Arrays in a union are distinct if the item type of the arrays are distinct.
This takes care of notorious problems with JSON schema when using "oneOf"
instead of "anyOf" for type choices. A "oneOf" over *M* arrays of length *N*
may require *M* x *N* time to validate while SJOT takes at most *M*+*N* time.
Worse, validation with this JSON schema "oneOf" fails for an empty array
because it matches all arrays in the "oneOf" (surprise!).
You may have guessed by now that a union is a smart combination of "oneOf" and
"anyOf". The validator applies "anyOf" semantics for efficiency, but the
restriction on distinct types essentially force "oneOf" semantics by avoiding
ambiguity.
Finally, unions should not be nested, either directly or indirectly via a type
reference to another union or array of unions.
### Type references
To refer to a named type we use a SJOT type reference of the form URI#name* or
*#name*. The first form refers to the named type in the schema identified by
its `@id` and URI value and the second form refers the current schema. If the
reference is to the `@root` type then we use *URI#* and just *#*, respectively.
For example, a linked list of numbers can be very compactly defined as:
[json]
{ "@root": { "value": "number", "next?": "#" } }
Spaghetti references are not allowed: a type reference must refer to a type and
that type cannot directly be another referenced type.
SJOT in JSON {#embed}
------------
A SJOT schema can be embeded within a JSON object by using the `@sjot`
property. The embedded schema describes and validates that object. For
example:
[json]
{
"@sjot": {
"Person": {
"@note": "Person with a first name and a last name",
"firstname": "string",
"lastname": "string"
}
},
"firstname": "Jason",
"lastname": "Bourne"
}
When embedded, the SJOT schema should have only one type or define a `@root`
object type (if several types are defined) that defines the JSON document
content. In this example the `Person` object type describes the content. The
JSON content is valid because it includes the required `firstname` and
`lastname` properties of a `Person` object type.
An embedded SJOT may refer to an external schema's root using `URL#`. For
example, the same object above with a schema reference:
[json]
{
"@sjot": "http://example.com/sjot.json#",
"firstname": "Jason",
"lastname": "Bourne"
}
The `@sjot` URL points to a SJOT schema that has a `Person` object type as the
root, such as the SJOT schema that we [described earlier](#basics) in this
article.
An embedded SJOT may refer to a specific type in a schema:
[json]
{
"@sjot": "http://example.com/sjot.json#Person",
"firstname": "Jason",
"lastname": "Bourne"
}
When you invoke the validator with a specific type and schema, then only that
type and schema are used to validate the data. Use `null` as a type when
invoking the validator to permit an embedded `@sjot` to override the type.
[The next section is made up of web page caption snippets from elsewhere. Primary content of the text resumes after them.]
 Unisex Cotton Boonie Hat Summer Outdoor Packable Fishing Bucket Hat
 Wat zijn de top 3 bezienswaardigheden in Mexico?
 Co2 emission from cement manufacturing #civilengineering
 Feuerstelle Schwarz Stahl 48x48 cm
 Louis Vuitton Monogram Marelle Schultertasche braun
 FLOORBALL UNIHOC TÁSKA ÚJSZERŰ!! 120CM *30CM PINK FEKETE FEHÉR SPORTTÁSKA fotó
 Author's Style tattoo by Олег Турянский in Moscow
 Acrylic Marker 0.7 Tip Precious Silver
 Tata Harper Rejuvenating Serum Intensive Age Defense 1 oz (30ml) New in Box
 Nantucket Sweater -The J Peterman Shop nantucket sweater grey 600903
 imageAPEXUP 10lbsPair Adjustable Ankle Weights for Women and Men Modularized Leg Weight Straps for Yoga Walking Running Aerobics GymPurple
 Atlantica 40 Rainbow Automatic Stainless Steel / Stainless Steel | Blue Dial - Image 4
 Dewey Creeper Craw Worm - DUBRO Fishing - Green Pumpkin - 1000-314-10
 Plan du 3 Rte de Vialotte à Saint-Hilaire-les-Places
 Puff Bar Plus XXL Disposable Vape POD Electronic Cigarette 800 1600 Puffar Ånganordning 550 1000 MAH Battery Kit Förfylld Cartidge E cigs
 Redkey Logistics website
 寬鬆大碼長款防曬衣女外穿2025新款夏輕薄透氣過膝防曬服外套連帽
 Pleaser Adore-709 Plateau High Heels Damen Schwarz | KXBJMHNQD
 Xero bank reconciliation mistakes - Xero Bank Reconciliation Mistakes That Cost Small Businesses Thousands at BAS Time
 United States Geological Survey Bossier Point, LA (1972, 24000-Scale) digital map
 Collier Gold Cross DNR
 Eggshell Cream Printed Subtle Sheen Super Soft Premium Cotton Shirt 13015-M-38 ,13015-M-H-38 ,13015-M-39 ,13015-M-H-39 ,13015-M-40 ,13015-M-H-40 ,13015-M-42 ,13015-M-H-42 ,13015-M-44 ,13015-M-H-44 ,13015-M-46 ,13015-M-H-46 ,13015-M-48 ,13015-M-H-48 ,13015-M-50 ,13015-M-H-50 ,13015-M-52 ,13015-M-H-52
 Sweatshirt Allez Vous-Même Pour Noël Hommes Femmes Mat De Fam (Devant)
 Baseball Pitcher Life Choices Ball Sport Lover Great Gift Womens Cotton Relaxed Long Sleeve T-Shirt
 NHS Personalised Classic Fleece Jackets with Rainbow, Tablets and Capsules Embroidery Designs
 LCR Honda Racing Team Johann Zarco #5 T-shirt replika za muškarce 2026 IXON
A `@sjot` in a JSON object may occur anywhere JSON, not just the root-level
object.
A `@sjot` may contain an array of schemas, each identified with a unique `@id`.
SJOT attribute properties {#props}
-------------------------
A `@sjot` attribute property of an object in JSON contains an embedded SJOT
that defines the JSON object. An embedded `@sjot` value can be a type
reference to a SJOT schema. If multiple types are defined in the embedded SJOT
schema, the type that defines the JSON object should be named `@root`.
A `@id` attribute property in a SJOT schema identifies the schema by a URI
namespace string.
A `@note` attribute property can be added to a SJOT schema and to the object
types that the schema defines. The `@note` value should be a string.
A `@root` attribute property refers to the root type of the schema. An
embedded SJOT should have a `@root` attribute property or the schema should
define only one type.
A `@one`, `@any`, `@all`, or `@dep` attribute property of an object type in a
SJOT schema restricts the use of optional object properties. See the SJOT
[dependencies](#deps) described further below.
A `@extends` attribute property of an object type in a SJOT schema introduces
a derived object type. A derived object type includes the properties of a base
object type. We will discuss the use of base and derived object types below.
A `@final` attribute property declares an object type final and it cannot be
extended. Also extra properties for this object in JSON are not permitted.
SJOT base and derived object types {#extend}
----------------------------------
You can extend a base object by adding properties to define a derived object.
The `@extends` attribute property in an object type refers to a base object
type that is extended. For example:
[json]
{
"@id": "http://www.example.com/sjot.json",
"@note": "Schema to store personal information",
"Person": {
"@note": "Person with a first name and a last name",
"firstname": "string",
"lastname": "string"
},
"PersonDetails": {
"@note": "Person with optional age and gender",
"@extends": "http://www.example.com/sjot.json#Person",
"age?": "0..",
"gender?": "(MALE|FEMALE)"
}
}
The `age?` property is optional and has a non-negative integer value. The
`gender?` property is optional and has one of the two string values `MALE` or
`FEMALE`.
When creating derived object types, it is not permitted to override the base
properties. Only new properties can be added that are not already in the base
object type to create a derived object type.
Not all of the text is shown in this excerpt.